The gardens have been tended on “St. Michael’s Mount”: since 1780. It is quite an interesting perspective to look down at them from the castle. When you see them from that vantage point they do not seem that steep. However, when you walk through the gardens you can see how they are built into the Mount. Within the gardens we walked along grass paths connected by steep granite steps. There are benches on most levels so you can stop and have a rest and drink in the views.
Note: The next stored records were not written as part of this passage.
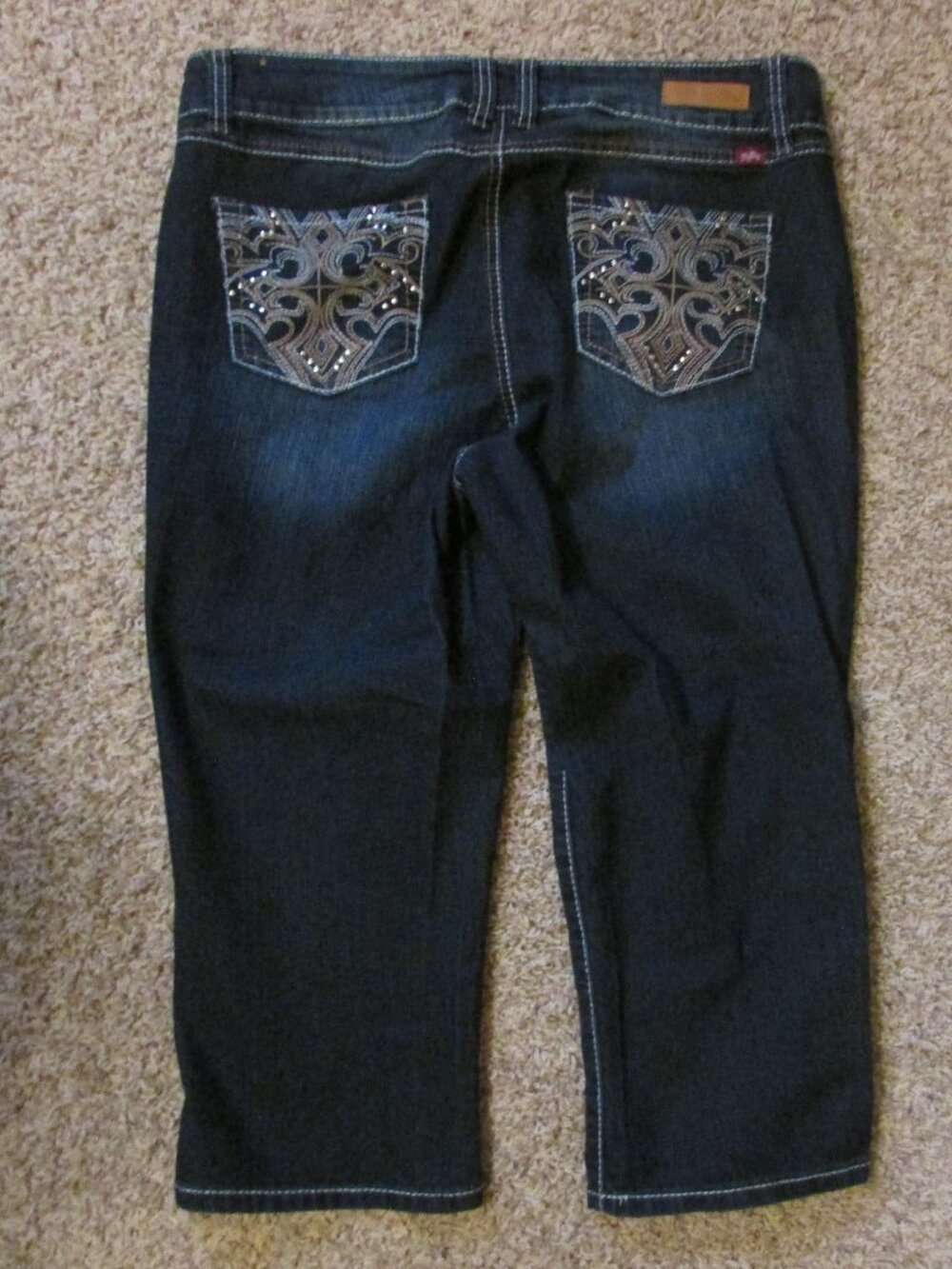 NWOT Royalty 14 Embellished dark wash cropped Capri Jeans Whiskered Stretch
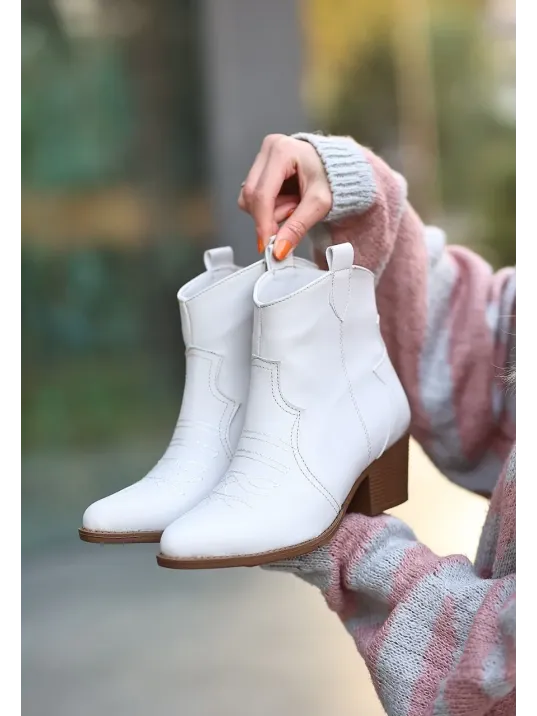 Akver Bej Cilt Topuklu Bot Akver Bej Cilt Topuklu Bot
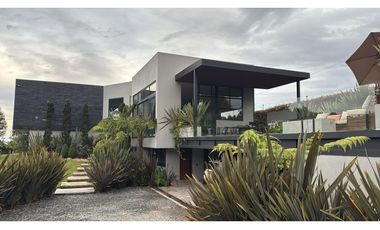 Casa Finca de Lujo con Domótica y Naturaleza Total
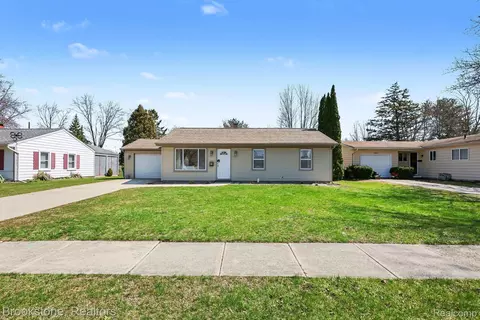 70424 Karen St, Richmond, MI 48062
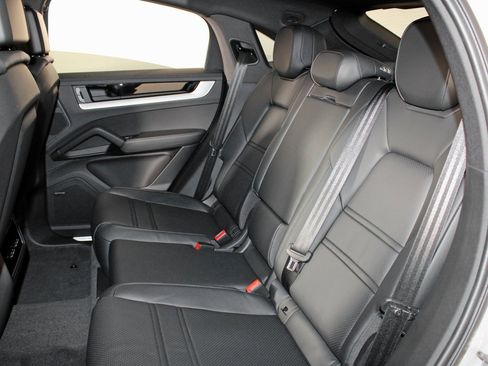 New 2026 Porsche Cayenne S image 34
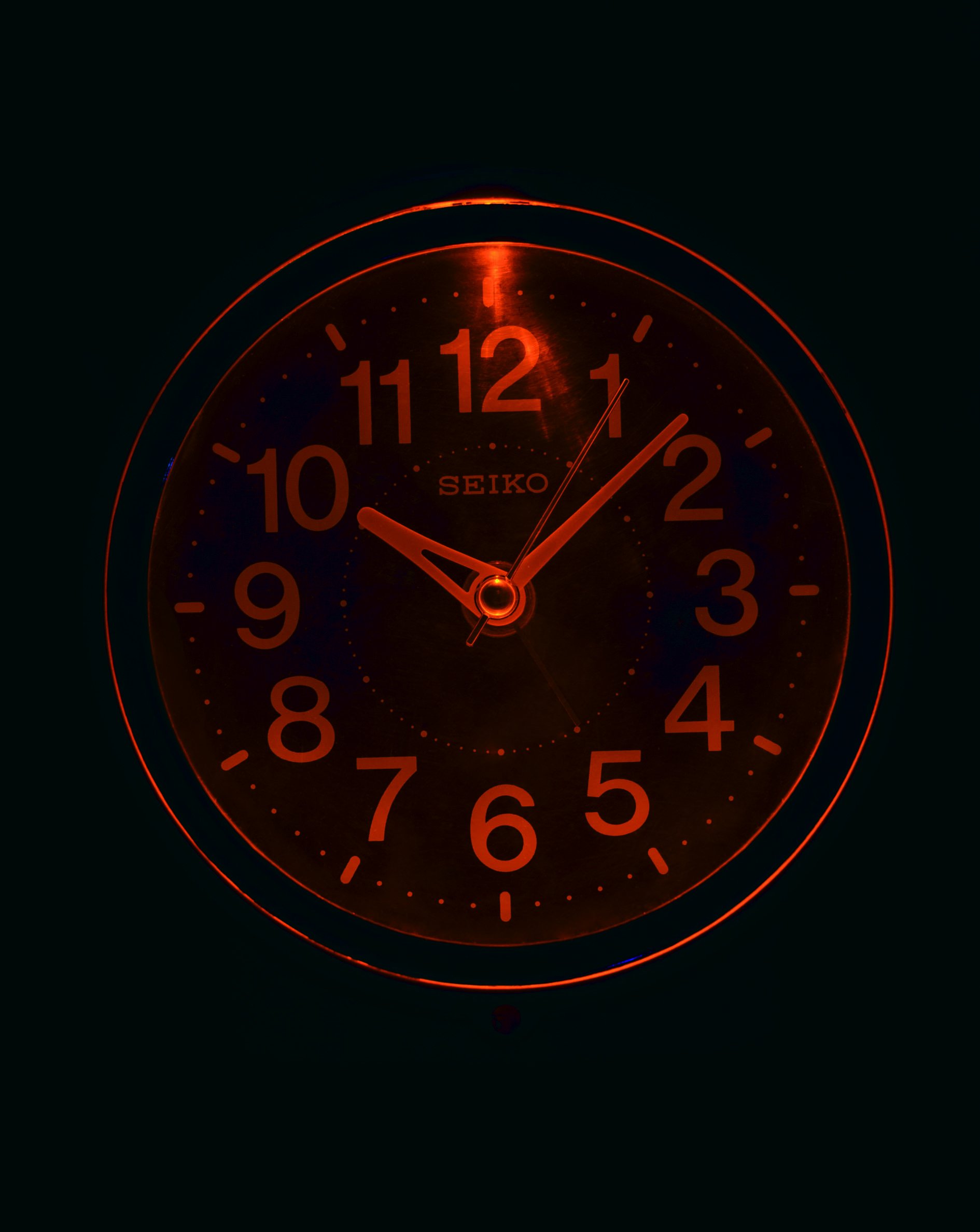 Amazon.co.jp: セイコー クロック 目覚まし時計 自動点灯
The granite core of the island keeps the island warm in the winter with stored heat from the summer sun and helps to keep the frost away. Unfortunately, when we visited in May, many of the plants had been killed off in February due to unusual snow falls. Also, the water and sewer pipes had just been replaced and the lower path was closed due to new sod having recently been laid. It’s hard to believe that there are only four gardeners. Given the conditions they work in on this piece of rock, the gardens are quite amazing. In addition to herbaceous and perennial plants, there are many succulents, some small and some quite large, and numerous in flower. Some of the succulents are aeoniums, aloes, echeverias and sempervivums (hens and chicks).

As you enter the gardens, you walk along the Laundry Lawn where wash was laid out to dry in the sun. Walking past the Pill Box and Gun Emplacement you arrive at the East Terrace. This is where you start to walk up onto the terraces. Normally you’d be able to continue along the lower path around the buttresses to the Elm Bank but this was the path that was closed to us. The paths meander up to the well and then lead into the walled gardens then the West Terraces and the Hot Bed. This side of the island gets lots of sunshine and the plants are quite colourful.

Access to the gardens is £8 for adults or free if you are a National Trust member. If you want to part with some more money there are plants for sale as you leave the gardens.